A Nod, a Nudge, and a Wink:
Fans of the original will get a kick out of spotting references to Raimi's version – the same sound effect of a fly, that same haunting and hollow cold wind, Ellen Sandweiss' voice, Professor Knowby's tape recording (effectively played over the end credits), Sam Raimi's “classic” car, the necklace (and it's arrangement in one shot), and a fan-rousing glimpse at the very end of the credits are all very groovy indeed.

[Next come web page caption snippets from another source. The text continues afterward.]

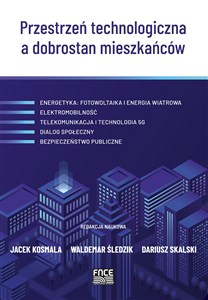 Picture of Przestrzeń technologiczna a dobrostan mieszkańców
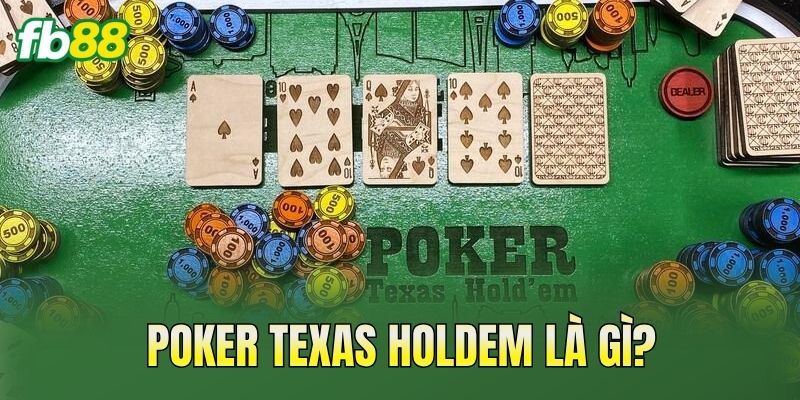 Poker Texas Holdem là gì?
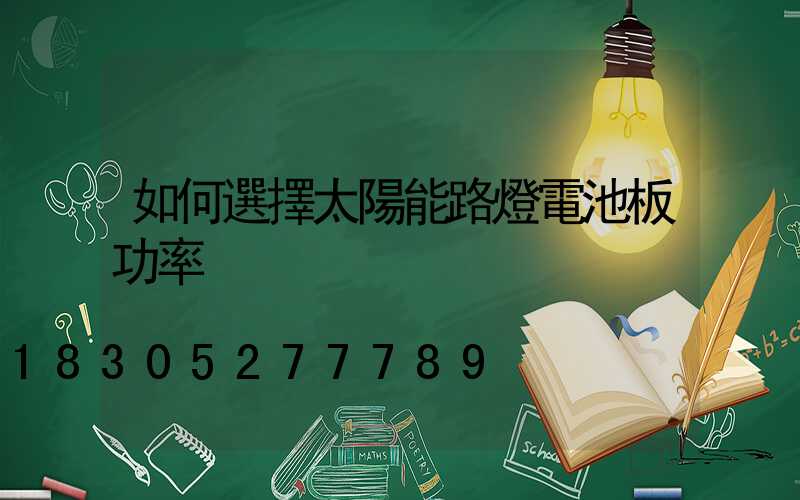 如何選擇太陽能路燈電池板功率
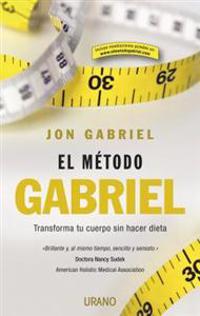 El Metodo Gabriel: Transforma Tu Cuerpo Sin Hacer Dieta = The Gabriel Method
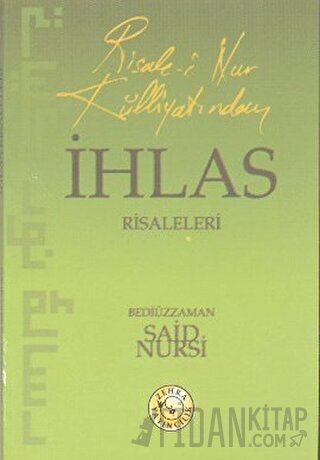 Risale-i Nur Külliyatından İhlas Risaleleri Bediüzzaman Said-i Nursi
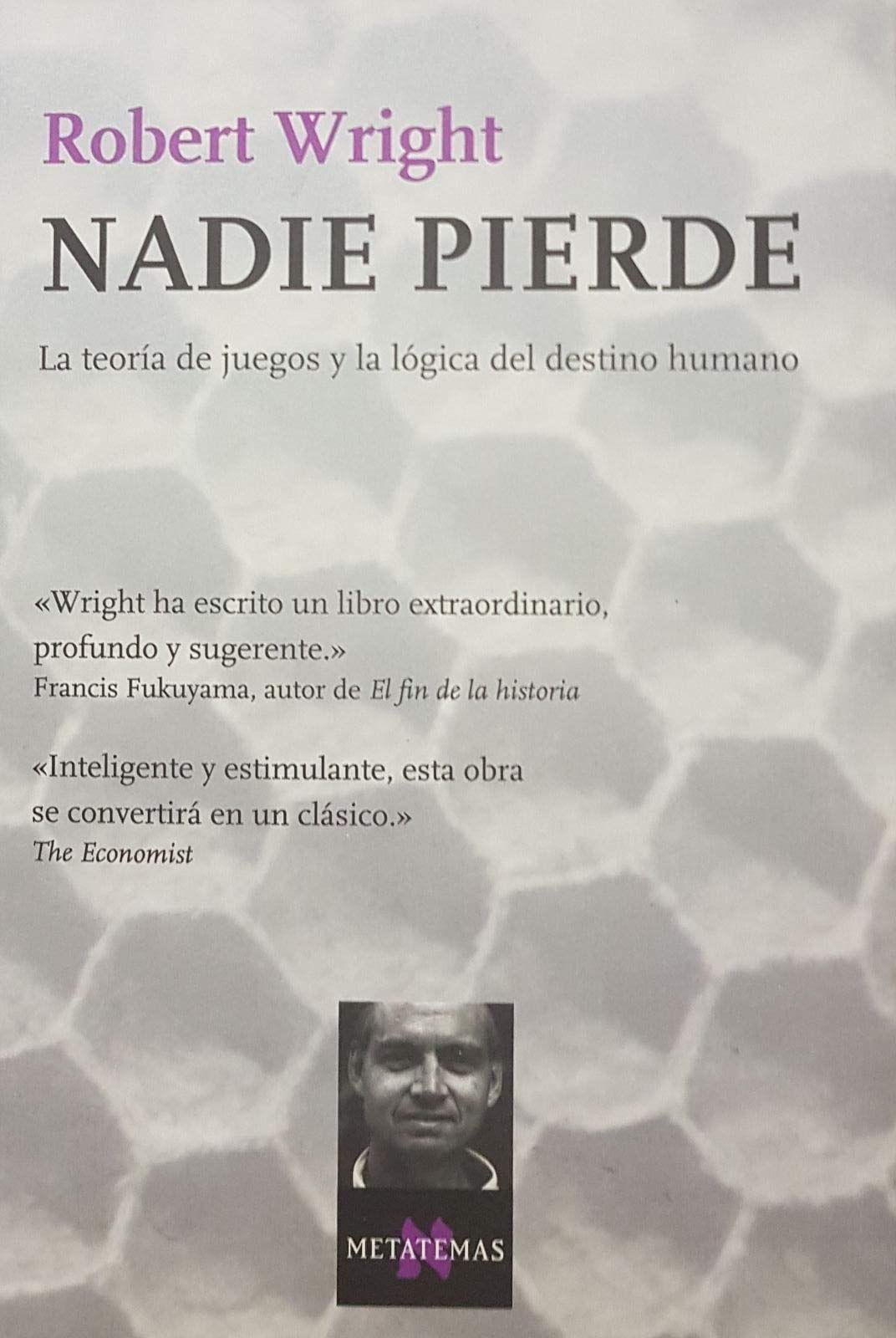 Libro: Nadie pierde: La teoría de juegos y la lógica del destino humano: 89 (Metatemas)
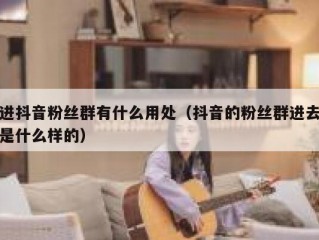 进抖音粉丝群有什么用处（抖音的粉丝群进去是什么样的）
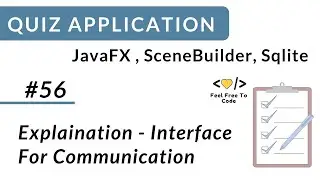 #56. Explaination | Interface For Communication | JavaFx Application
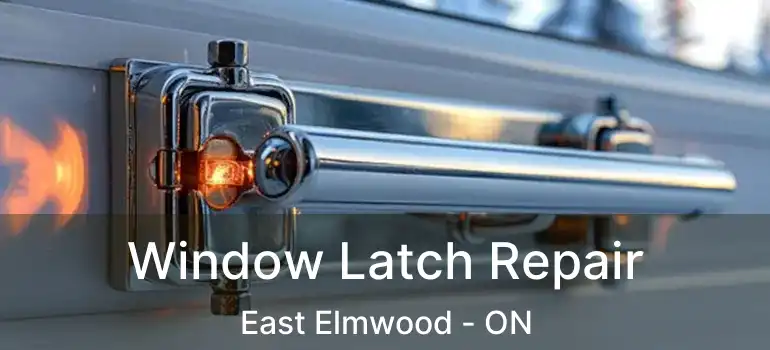  Window Latch Repair East Elmwood - ON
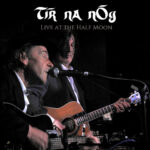 TIR NA NOG - LIVE AT THE HALF MOON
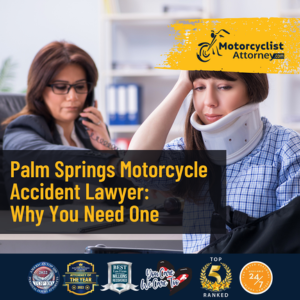 palm springs motorcycle accident lawyer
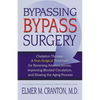 Bypassing Bypass Surgery - Paperback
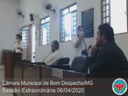 1ª Sessão Extraordinária da Câmara Municipal de Bom Despacho/MG 06-04-2020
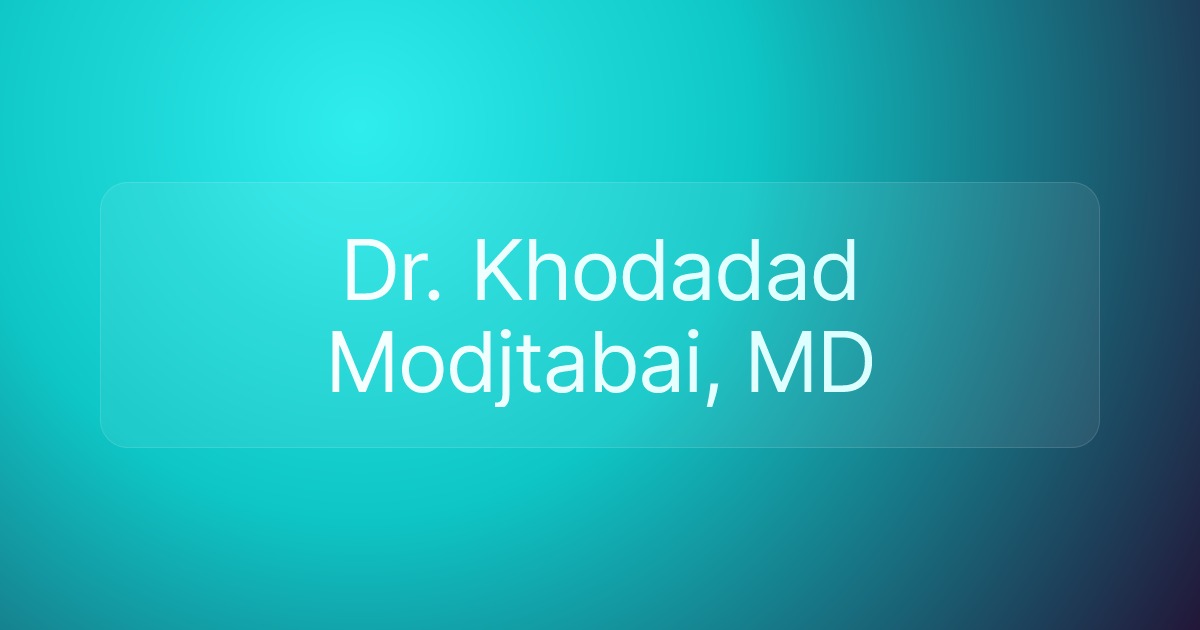 Dr. Khodadad Modjtabai, MD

There's perhaps more gripes than cheers in that run-down. It's admirable that they've not just copied the original and tried to spruce it up for the 21st century in a way that isn't just an advert for a mobile phone company … but it's just so slick and over-produced … a rougher, tougher, rawer edge would have been welcome. The violence and gore is inventive and waggles its balls right in your face – which is great for we horror fans – but for some of the reasons mentioned above, it feels oddly safe at times.
To be fair to Alvarez, as a first-timer (and one tackling a remake of an adored horror classic), he was always going to make a few mistakes here and there – and should be allowed to – and only a fool would have turned down the chance to make this movie (hell, I would have said yes in a nanosecond). Hopefully he'll be able to rectify what didn't quite work in this film with its inevitable sequel, and up-the-ante with more of what worked well.
As I said at the beginning, I didn't love this flick – and certain things (like some awful dialogue) really grated – but I was never checking my watch, and I was always entertained. It was never, ever, ever going to usurp my adoration of the original film (and trilogy), and it thankfully never did anything to destroy the Evil Dead franchise.
I suppose all remakes are always going to lack cultural impact and experience. I can't see a teenager discovering and loving this 2013 version like I did with the 1981 original … but surely no remake can manage that … well, except for the one in a million: John Carpenter's “The Thing” is arguably – but not entirely – a remake … although it was part of a totally different era of filmmaking and film viewing.
Of course, as a huge fan of the original Evil Dead trilogy, this remake does represent the possibility of getting Evil Dead 4 – or more accurately, Army of Darkness 2 – made, and who doesn't want that?